Non ho mai sentito una frase così bella da nessun politico, né uomo, né donna, né di sinistra, né di destra: “non voglio rinunciare a mia figlia se dovessi diventare premier”.
Sentirlo dalla voce di una donna, di una mamma ha un valore immenso, è la dimostrazione massima che una madre può non rinunciare alla sua carriera, nemmeno quando rappresenta un Paese, perché si può fare e si deve fare.
Quante volte mi sono affannata a dire e scrivere che l’Italia non è un Paese per madri, che non esiste un vero welfare capace di dare un aiuto concreto alle famiglie, alle donne che lavorano. Oggi, invece, quando ho letto questa frase di Giorgia Meloni ho sentito un messaggio di speranza, ho pensato: “finalmente qualcuno l’ha detto!”.

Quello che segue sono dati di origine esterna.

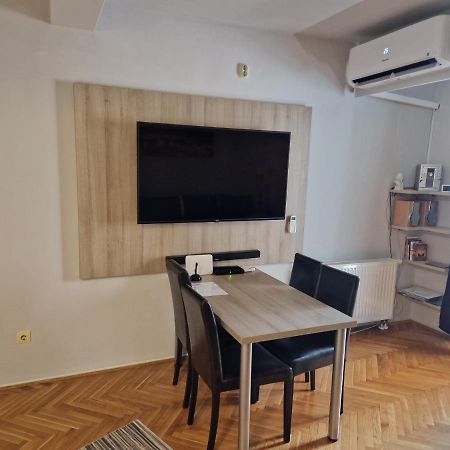 Apartment Viktor,Parking 오시예크 외부 사진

Io sono sempre stata dell’idea che le donne hanno delle capacità maggiori rispetto al sesso maschile, capacità che si moltiplicano all’ennesima potenza quando diventano madri, diventano combattenti che affrontano l’emergenza quotidianamente, senza mollare, perché c’è sempre un piano B da mettere in atto.
Per avvalorare ancora di più ciò che la Meloni afferma riporta l’esempio di due donne di primo piano in Europa:
«Ursula von der Leyen, presidente della Commissione europea, ha sette figli, Roberta Metsola, presidente del Parlamento europeo, sta crescendo quattro maschi». Ecco perché nessun dubbio sulla capacità di conciliare i due ruoli di capo di un governo e madre:
«Se diventerò premier non rinuncerò a nulla di ciò che riguarda mia figlia Ginevra. Le donne si organizzano sempre».
Quest’ultima è la frase più bella che io abbia mai sentito in una campagna elettorale.